_REQUIREMENT_.
Working from the entries below, give again each line from the first through the one containing "Button Up Collared Neck Vest Coat - felvior", exactly and with nothing else.

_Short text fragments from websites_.
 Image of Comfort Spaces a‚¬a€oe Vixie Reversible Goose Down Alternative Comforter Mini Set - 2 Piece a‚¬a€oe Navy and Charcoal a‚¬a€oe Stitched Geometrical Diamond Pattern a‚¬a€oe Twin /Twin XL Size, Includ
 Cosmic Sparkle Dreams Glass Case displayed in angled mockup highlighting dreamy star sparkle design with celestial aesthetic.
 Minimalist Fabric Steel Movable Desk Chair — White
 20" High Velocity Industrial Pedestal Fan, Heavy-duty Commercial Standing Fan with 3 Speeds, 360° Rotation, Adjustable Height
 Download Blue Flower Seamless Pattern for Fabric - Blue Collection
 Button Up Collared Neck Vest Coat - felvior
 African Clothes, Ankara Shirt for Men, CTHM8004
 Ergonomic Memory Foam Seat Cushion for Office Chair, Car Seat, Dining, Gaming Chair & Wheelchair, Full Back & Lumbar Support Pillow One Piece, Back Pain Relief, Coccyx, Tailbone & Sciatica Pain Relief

_SOLUTION TO THE PROBLEM_.
 Image of Comfort Spaces a‚¬a€oe Vixie Reversible Goose Down Alternative Comforter Mini Set - 2 Piece a‚¬a€oe Navy and Charcoal a‚¬a€oe Stitched Geometrical Diamond Pattern a‚¬a€oe Twin /Twin XL Size, Includ
 Cosmic Sparkle Dreams Glass Case displayed in angled mockup highlighting dreamy star sparkle design with celestial aesthetic.
 Minimalist Fabric Steel Movable Desk Chair — White
 20" High Velocity Industrial Pedestal Fan, Heavy-duty Commercial Standing Fan with 3 Speeds, 360° Rotation, Adjustable Height
 Download Blue Flower Seamless Pattern for Fabric - Blue Collection
 Button Up Collared Neck Vest Coat - felvior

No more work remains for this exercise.